About ten years ago, I delivered a presentation on the historical context of Turkey’s political-military aspirations in relation to its membership in NATO. I gave the presentation in Ankara at the official residence of the British Ambassador to Turkey. The audience was made up of students who were studying at a British Ministry of Defense academy and were in Ankara as part of their education and training as well as some accompanying staff. About two-thirds of the students were officers in the Armed forces of the United Kingdom, with the rest drawn from Commonwealth or nations friendly to the UK. My presentation was entirely unclassified and delivered under the Chatham House Rule of non-attribution.
I invited the students to extend their understanding of the roots of rivalries between powers in the region back three thousand years and to see the region as encompassing all the lands between the Black, Aegean, Mediterranean, Red, Arabian, and Caspian seas. Within those parameters, I proposed that there existed a millennia-long rivalry for pre-eminence in the region between Turks, Arabs, and Persians that manifests itself now as rivalry between Turkey, Saudi Arabia, and Iran. An officer from the Air Force of one of those three nations asked, “What is necessary for one of those three to become dominant in the region?”
After correcting his substitution of “dominant” vice “pre-eminent”, I responded that strong relations with Israel were a necessary, though not sufficient, condition for one of the three aforementioned nations to become pre-eminent in the region. By pre-eminence, I meant being that nation looked up to by other nations for its responsiveness to the needs of its people, being pre-eminent means providing the best quality of life to the greatest number of people of one’s nation. I noted that all three of those nations had tremendous resources, though not identical ones, that in combination with the Israeli’s demonstrated capabilities in research and development, education, entrepreneurship, and business processes would give the nation forging a strong, positive relationship with Israel the capacity to become the pre-eminent power in the region.
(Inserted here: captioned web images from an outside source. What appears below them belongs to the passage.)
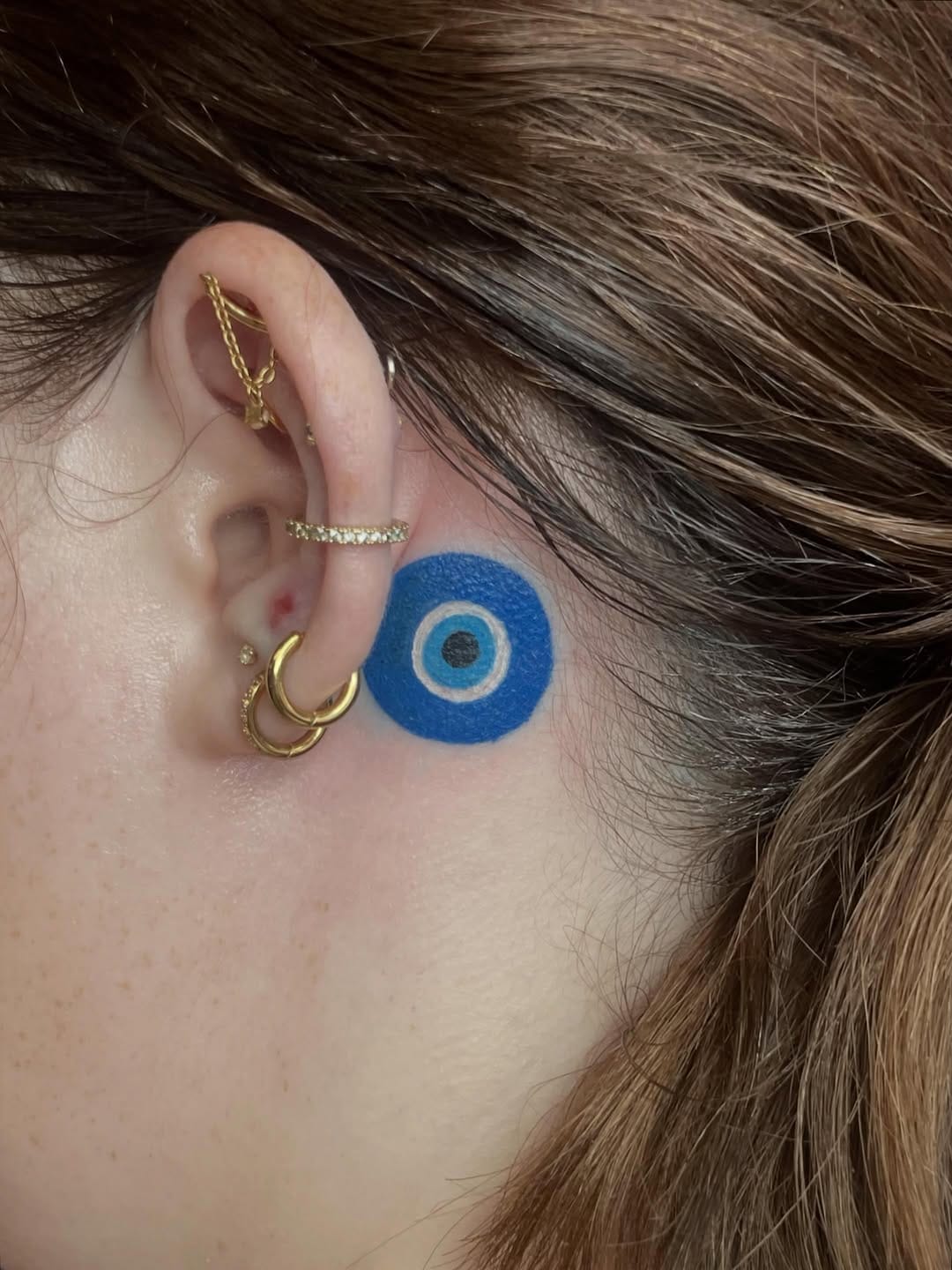 Post 1 by Emily ☁️ Adelaide Tattoo Artist on Instagram (image)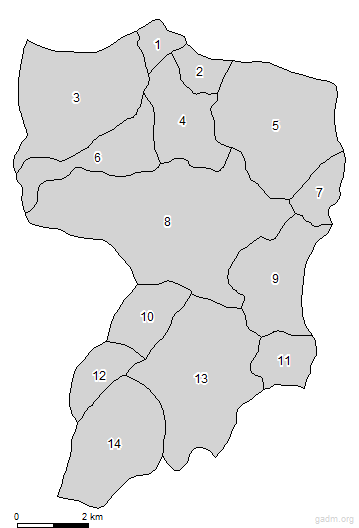 third level divisions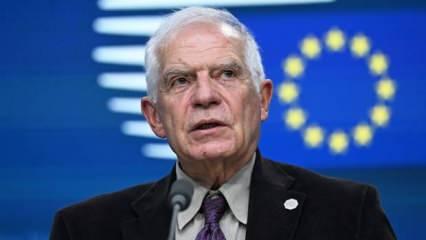 Borrell'den veda mesajı: Uluslararası toplum UCM'yi baltalamamalı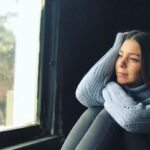 Hazal Adıyaman Instagram – Çünkü sette @burcuozanoglu var ❣️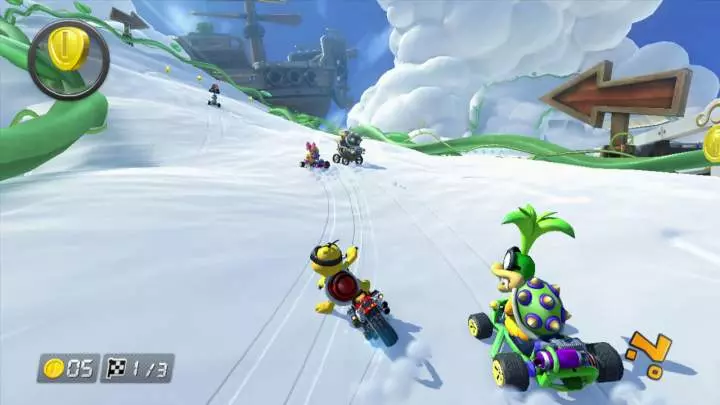 Mario Kart 8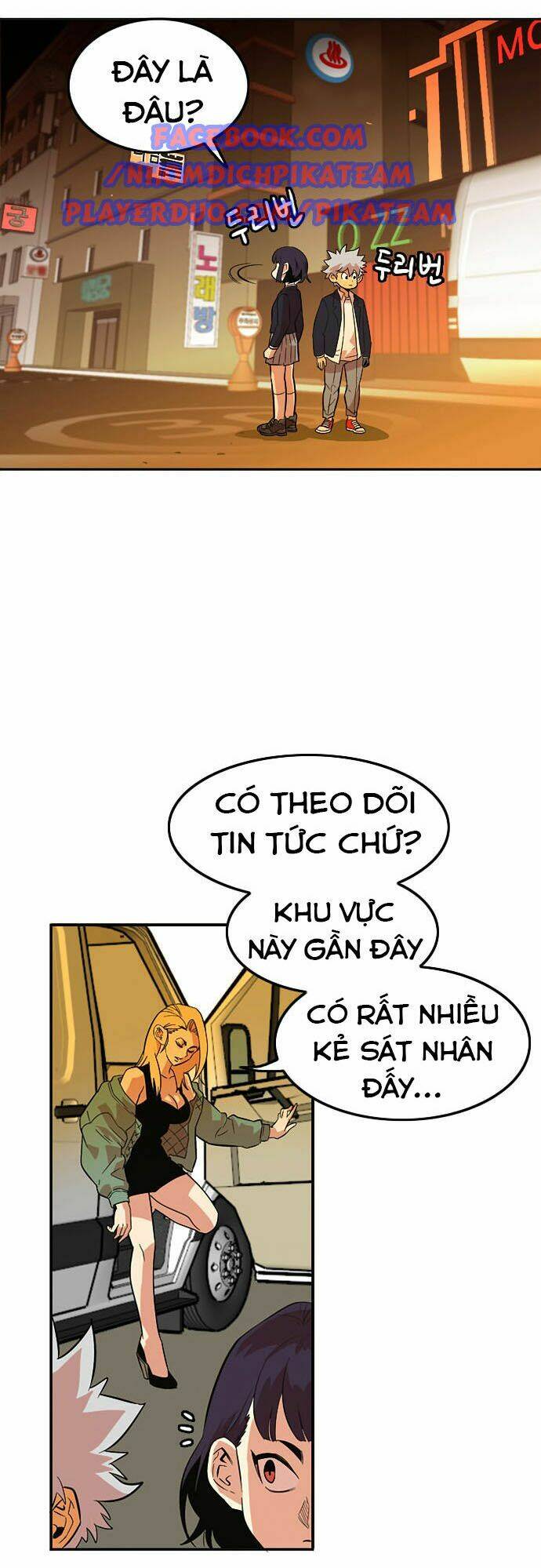 bẫy troll chapter 8 4
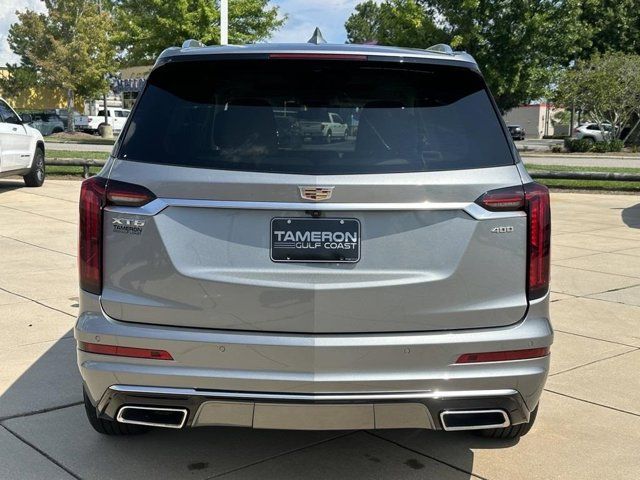 2023 Cadillac XT6 Premium Luxury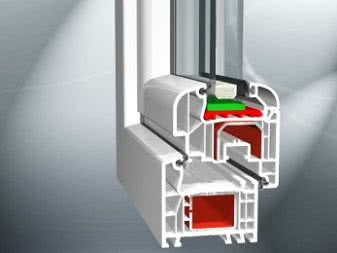 Profile Aluplast Ideal 4000 Round line PVC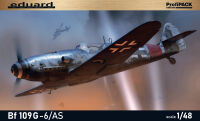 EDU82163 Bf 109G-6/AS 1/48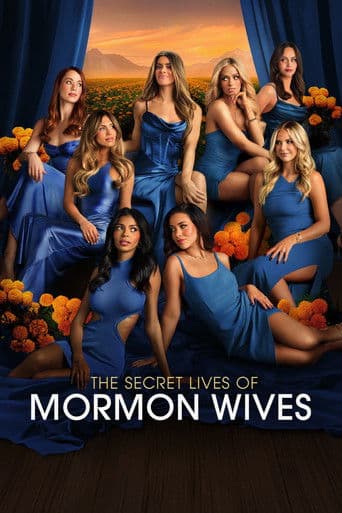 Poster for The Secret Lives of Mormon Wives
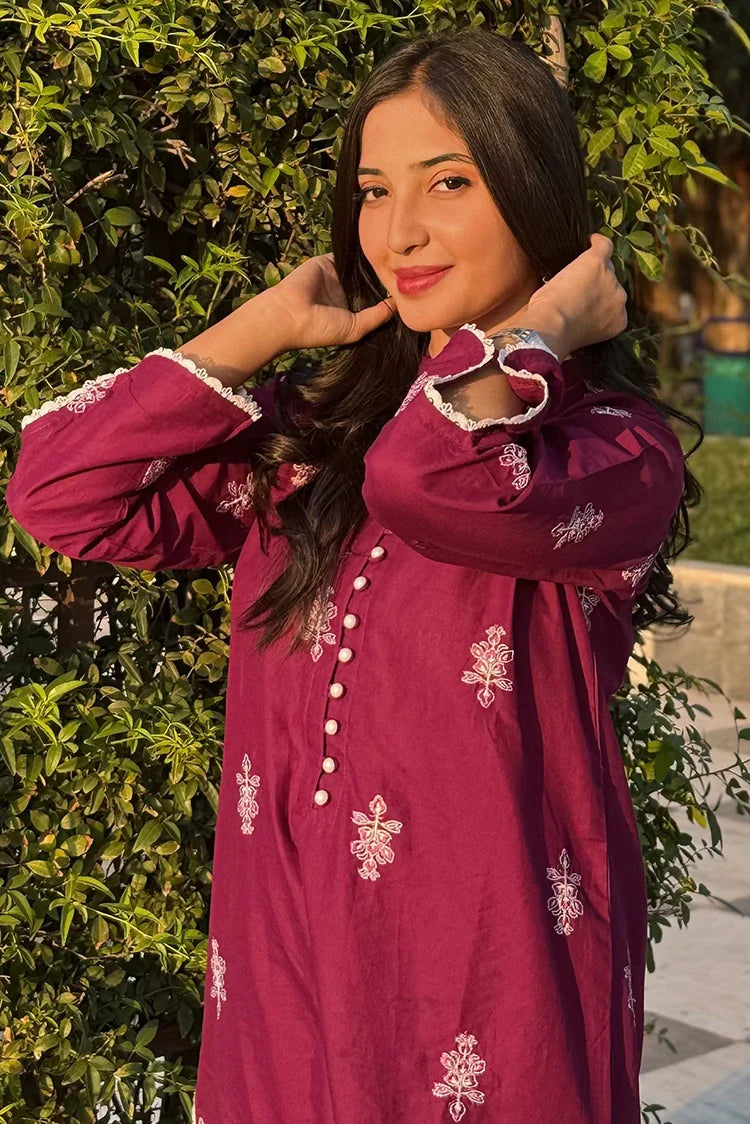 Picture of Modest - Women's 2 Piece Suit - Myra - Available at Raja Sahib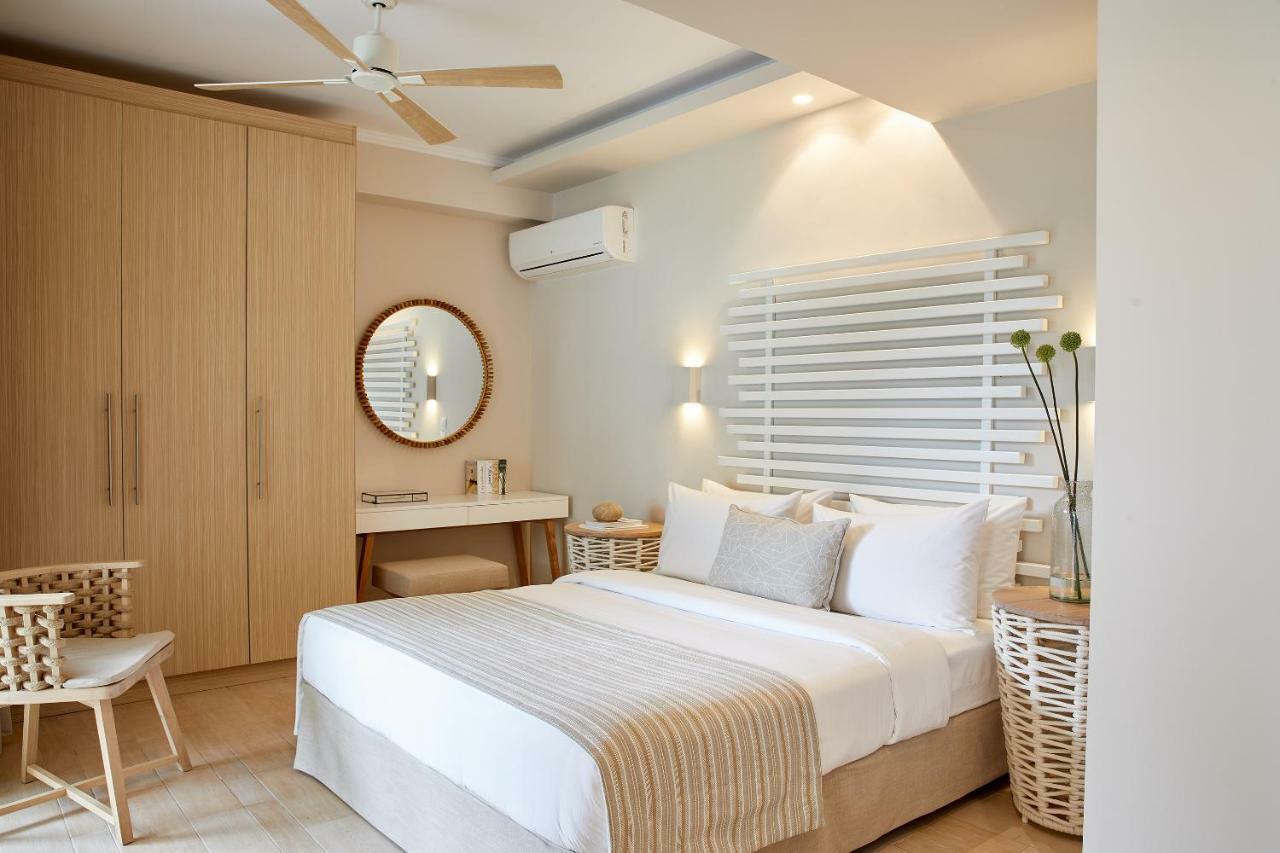 S & O Villas Corfu Dassia  Exterior foto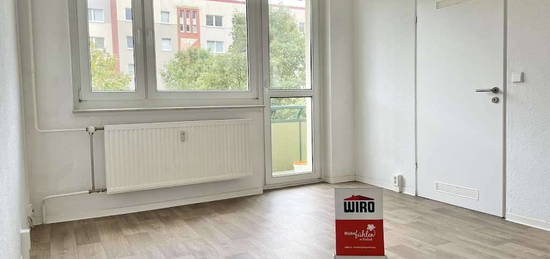 Mit Südbalkon! 2-Zimmer-Wohnung in Rostock-Lütten Klein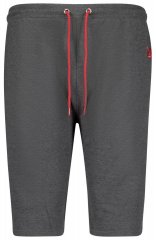 Adamo 159113 Ottoman Mjukisshorts Mörkgrå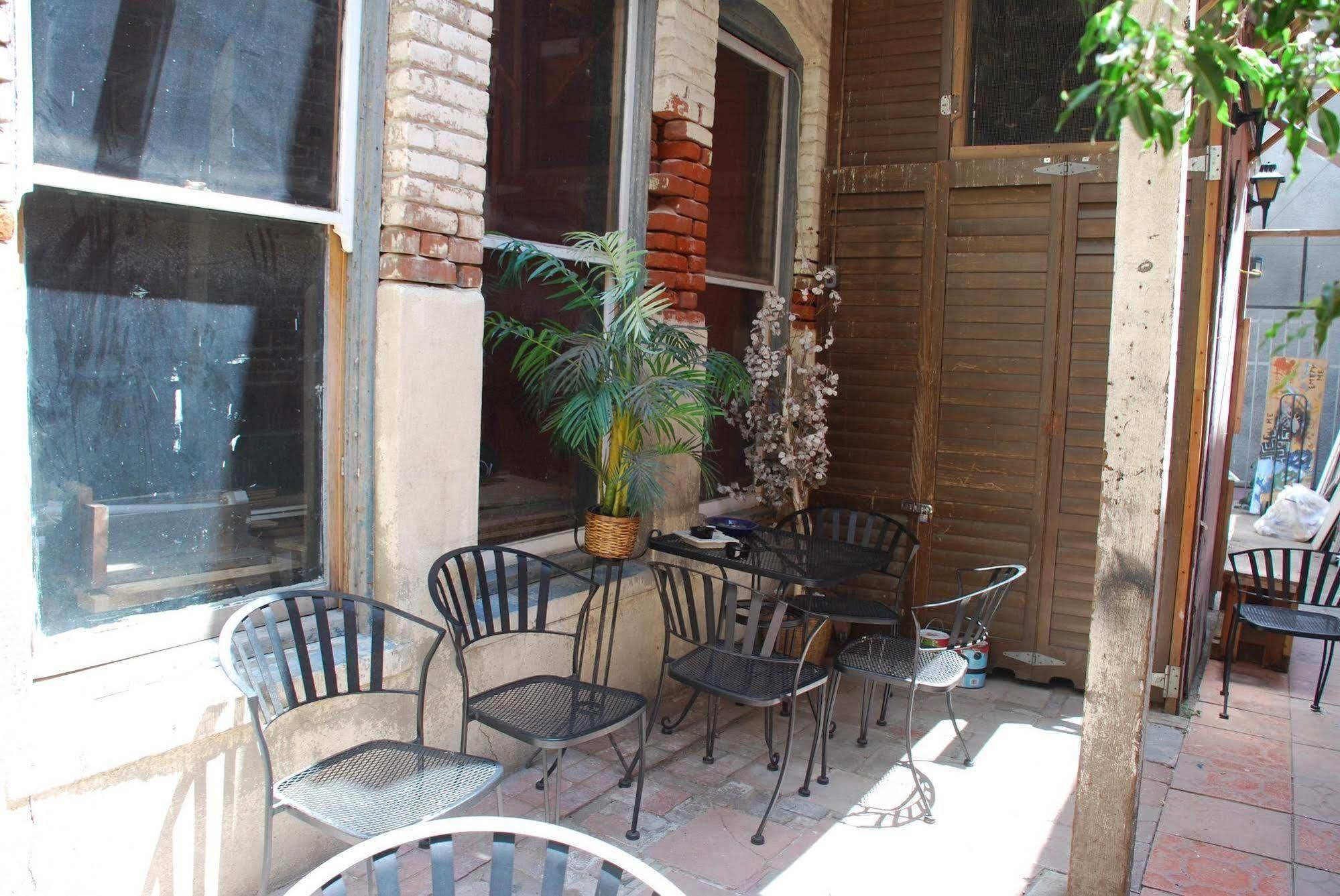 Hostel On 3Rd Сан Диего Екстериор снимка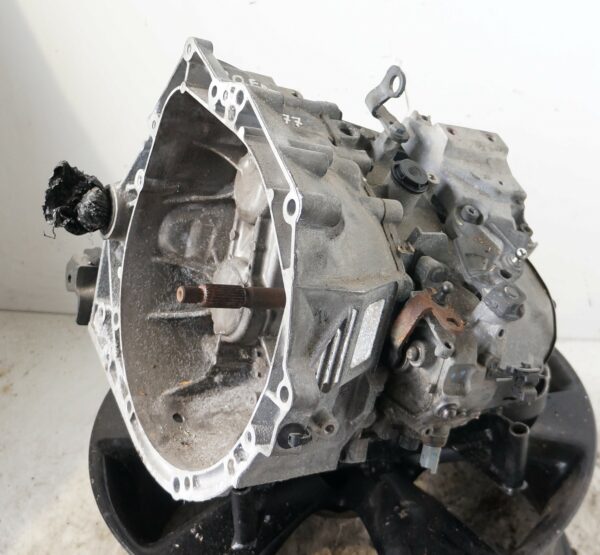 SKRZYNIA BIEGÓW OPEL CROSSLAND CITROEN C3 AIRCROSS 1.2 THP 20EA77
As a follow-up, the officer noted that Turkey’s membership in NATO gave it an advantage to develop a deep, positive relationship with Israel. I observed that to realize that advantage, Turkey must set aside its demonstrated preference for stymying NATO efforts to enhance cooperation with Israel as well as other non-NATO nations of the Middle East. I further noted that there was little likelihood that President Erdogan was going to relax his anti-Israel rhetoric. Thus, though he doesn’t interfere with commercial relations between Israel and Turkey, he has little interest in deepening his country’s relationship with Israel.
As for relations between Israel and Iran, which had been quite positive under Shah Reza Pahlavi, as long as the Ayatollahs directed the foreign relations of the Islamic Republic, there was no prospect of improved Israeli-Iranian relations.
I then suggested that if the Kingdom of Saudi Arabia wished to become the pre-eminent regional power in the lands between the seas, then it had to decide on improving and deepening its relations with Israel, perhaps not openly lest radical Israel-haters would rage against better Saudi-Israeli relations, but to do so with determination to forge a more positive and mutually beneficial working relationship.
Which brings us to the present moment. In the recent massive Iranian drone and missile attacks on Israel, Arab nations took actions that in effect defended Israel. Now some voices speak of a growing alliance of necessity of Israel and its Sunni Arab neighbors against the terrorist octopus of Shi’a Persian Iran. Perhaps. We shall see, and one must hope that instead of seeking domination of others, nations in the Middle East will seek alliances that secure for their people pre-eminence in the quality of life for the greatest number of their citizens, that is, following a citizen-centric governance policy as Israel already does. We must hope.